Date Published: June 1, 2018
Publisher: JKL International LLC
Author(s): Xiangrong Liu, Shaohong Wen, Shunying Zhao, Feng Yan, Shangfeng Zhao, Di Wu, Xunming Ji.
Mild therapeutic hypothermia, a robust neuroprotectant, reduces neuronal apoptosis, but the precise mechanism is not well understood. Our previous study showed that a novel inhibitor of an apoptosis-stimulating protein of p53 (iASPP) might be involved in neuronal death after stroke. The aim of this study was to confirm the role of iASPP after stroke treated with mild therapeutic hypothermia. To address this, we mimicked ischemia/reperfusion injury in vitro by using oxygen-glucose deprivation/reperfusion (OGD/R) in primary rat neurons. In our in vivo approach, we induced middle cerebral artery occlusion (MCAO) for 60 min in C57/B6 mice. From the beginning of ischemia, focal mild hypothermia was applied for two hours. To evaluate the role of iASPP, small interfering RNA (siRNA) was injected intracerebroventricularly. Our results showed that mild therapeutic hypothermia increased the expression of iASPP and decreased the expression of its targets, Puma and Bax, and an apoptosis marker, cleaved caspase-3, in primary neurons under OGD/R. Increased iASPP expression and decreased ASPP1/2 expression were observed under hypothermia treatment in MCAO mice. iASPP siRNA (iASPPi) or hypothermia plus iASPPi application increased infarct volume, apoptosis and aggravated the neurological deficits in MCAO mice. Furthermore, iASPPi downregulated iASPP expression, and upregulated the expression of proapoptotic effectors, Puma, Bax and cleaved caspase-3, in mice after stroke treated with mild therapeutic hypothermia. In conclusion, mild therapeutic hypothermia protects against ischemia/reperfusion brain injury in mice by upregulating iASPP and thus attenuating apoptosis. iASPP may be a potential target in the therapy of stroke.

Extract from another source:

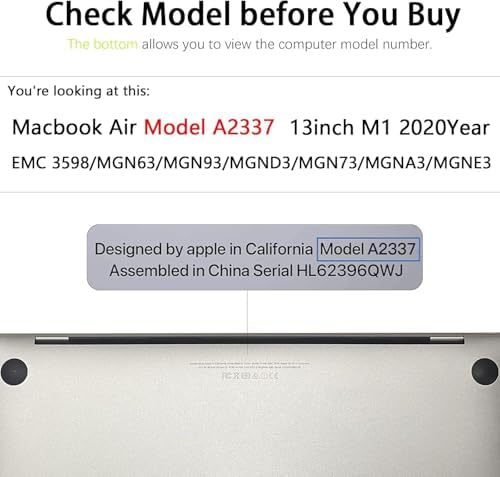 Screen Replacement for MacBook Air 13.3" A2179 2020 Year A1932 2019 Year Retina Full LCD Display Assembly 2560x1600 EMC 3302 EMC 3184 (Sliver)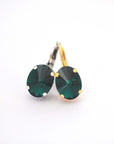 Emerald Green Oval Earring Kit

To our knowledge, this is the first study to describe the beneficial effect of iASPP after stroke, especially if applied with mild hypothermia. In this study, we demonstrated several findings relevant to therapeutic hypothermia. First, mild hypothermia upregulated the expression of iASPP and downregulated its targets in primary neurons under OGD/R. Second, downregulation of iASPP after stroke or stroke plus therapeutic hypothermia increased infarct volume and cell death, and aggravated neurological deficits in MCAO mice. Third, downregulation of iASPP increased the expression of its targets and apoptosis in mice after stroke.